Choonster / twitch_vod_fetch

[DISCONTINUED - Use Choonster/fgtk instead] A Python script to download Twtich VoDs
Do What The F*ck You Want To Public License
1 stars 0 forks source link

Downloads not working in Windows #1

Closed Choonster closed 7 years ago

Choonster commented 8 years ago

Something in e726ac65a765ecf846e9082f99891663d8d4759d or 1a7712c12fd0743a8bc1317b98aae6b47c31ee45 broke downloads in Windows. Linux (Ubuntu) still works without issue.

aria is downloading the chunks successfully and writing their gids to the gids file, but twitch_vod_fetch thinks they failed and keeps trying to download them until it reaches the maximum number of retries.

mk-fg commented 7 years ago

Hey,

As you seem to be maintaining script version here, wanted to mention that I completely rewritten it in mk-fg/fgtk repo... which probably sounds bad, I know.

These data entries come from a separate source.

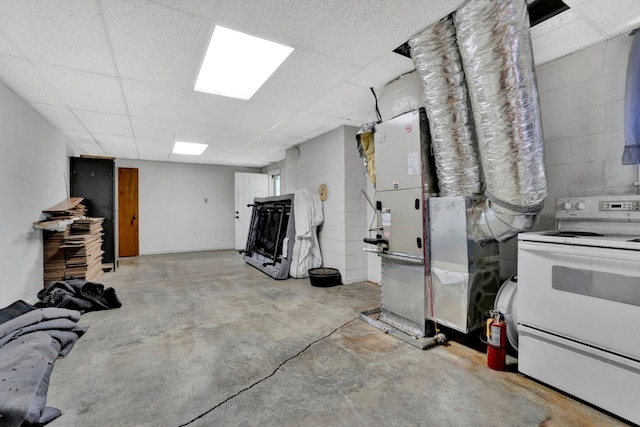 basement with heating unit and a paneled ceiling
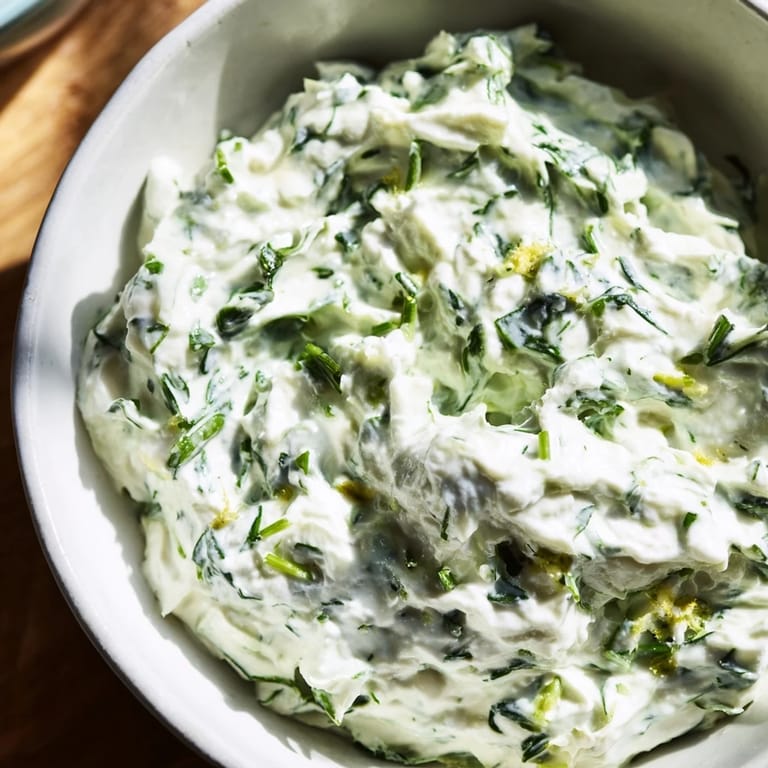 Bright green Green Goddess Dip—tangy and herbaceous—is wonderfully smooth, perfect for dipping crackers or pita bread.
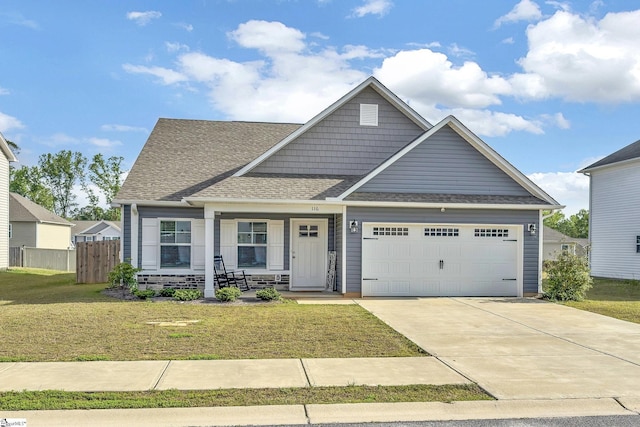 116 Bruinen Dr, Fountain Inn, SC 29644 - view of front of house with an attached garage, covered porch, driveway, and a shingled roof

But it's much faster and simplier now (even though longer because of boilerplate like AsyncExitStack implementation), especially wrt how it works. Instead of crazy nested polling loops, million of clutter chunk-files and .sh/.bat hook-scripts, listens for onDownloadComplete (and -Error) events on websocket and concatenates downloaded chuks to dst file in sequence, removing them right after that and only tracking last concatenated gid (instead of all downloaded gids along with the files). I.e. whole "main loop" is in these ~50 lines: https://github.com/mk-fg/fgtk/blob/master/desktop/media/twitch_vod_fetch#L684-L743 It's also python-3.6+, using aiohttp module for http instead of requests.

As a bonus, pretty sure it might "just work" on windows, as there's no .sh hooks anymore or any subprocesses except aria2c, and that's started without any special params (close_fds is handled implicitly by python-3.x), so maybe don't need any extra patches now.

No idea if it's relevant to this fork though, as older script probably works just as well, and only big feature here is that there's less tempfiles around (and few that are left are kept in directory by default), plus maybe py3 (if keeping py2 around is a burden by now).

Apologies for hijacking the bug, but it might actually address it as well, if it's still there.

Choonster commented 7 years ago

Thanks for letting me know. I'll take a look at the new version later.

If it "just works" on Windows, that would be a lot easier for me.

Choonster commented 7 years ago

@mk-fg I've made a few small changes to the new version to allow it to run on Windows, but I'm running into an issue where aria2c is being stopped after 3 seconds and deleting the chunk files fails because they're in use by another process.

Do you know why this would happen or how to fix it?

You can see the code I'm running here and the output here.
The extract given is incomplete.